Smith, Meier & Webb, LPA

Financial infidelity can lead to divorce and impact outcomes

Financial infidelity has been growing in popularity, and the prevalence of this behavior could be contributing to divorce rates throughout the country. Over 40% of Americans now admit to keeping financial secrets from their spouses.

In general, secrets and lies can lead to arguments and the breakdown of a marriage. While financial infidelity could contribute to the breakdown of your marriage, it could also affect your divorce outcome.

What is financial infidelity?

Financial infidelity involves withholding financial information, lying about financial matters or making financial decisions without consulting a significant other. Examples can include secret shopping sprees, secret credit cards, secret accounts, secret stashes of money or secret debts.

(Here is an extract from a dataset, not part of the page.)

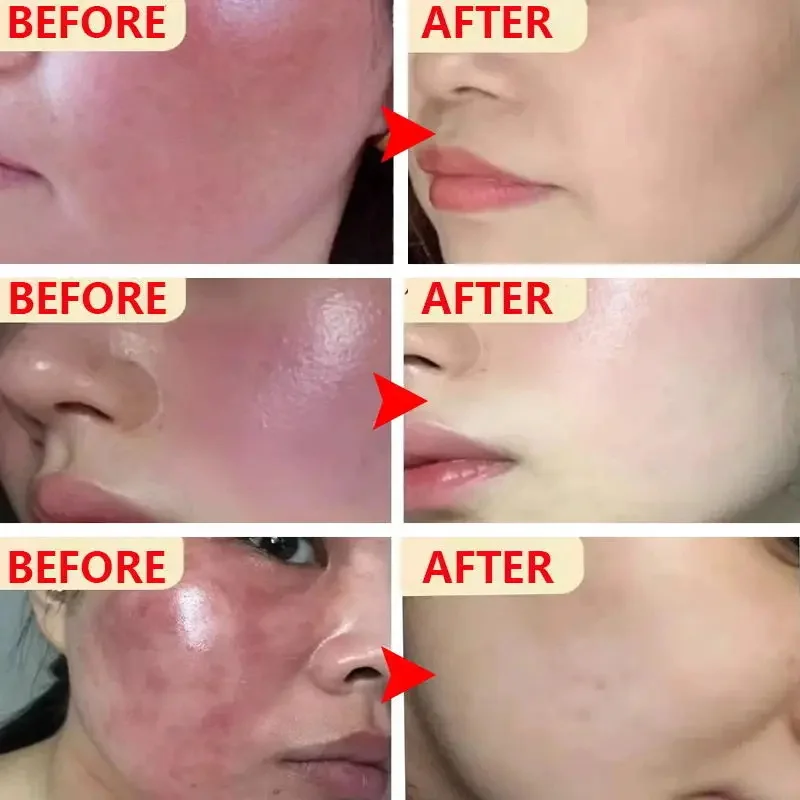 New Facial Redness Repair Cream Improve Rosacea Sooth Dry Sensitive Itchy Skin Repair Barrier Moisturize Lotion Korean Cosmetics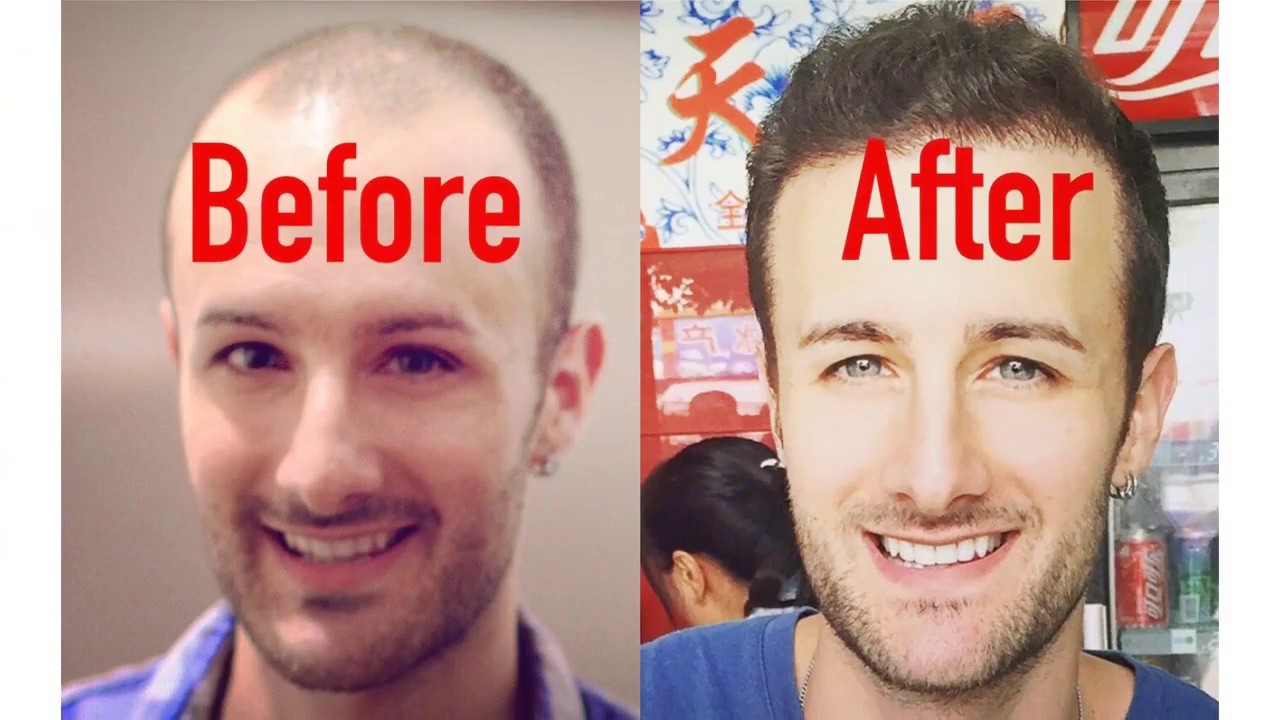 denverhairrestoration Advantages Hair restoration laboratories shampoo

Typically, financial infidelity involves important financial decisions or large amounts of money. Minor financial secrets, like a surprise birthday gift for your spouse, are not usually considered financial infidelity.

How might financial infidelity impact divorce?

During divorce, an innocent spouse could be on the hook for the outcomes of financial infidelity, such as debt. Assets and debts that spouses accumulate together or individually during their marriage are considered marital property and must be divided during divorce. Often, marital property, including debt, is divided equally. However, a judge could also divide debt based on each spouse's income, on the owner of the account or on the person who incurred the debt.

Depending on the circumstances, financial infidelity could affect the way a judge divides marital property. Withholding financial information from a spouse may not be enough alone to affect the division of marital property, but financial infidelity often overlaps with financial misconduct. If a spouse commits financial misconduct, an Ohio court may divide marital assets in such a way that the division favors the spouse who was harmed.

Behaviors that could be considered financial misconduct, include:

  • Losing a significant amount of money to gambling
  • Purchasing drugs or other illegal substances
  • Using marital money to pay for gifts or entertainment for a lover
  • Not properly disclosing assets in divorce

If you or your spouse keep financial secrets, it does not necessarily mean that your marriage will end in divorce. However, financial secrets often cause financial and emotional damage to relationships, and repairing that damage can require time and dedication from both spouses.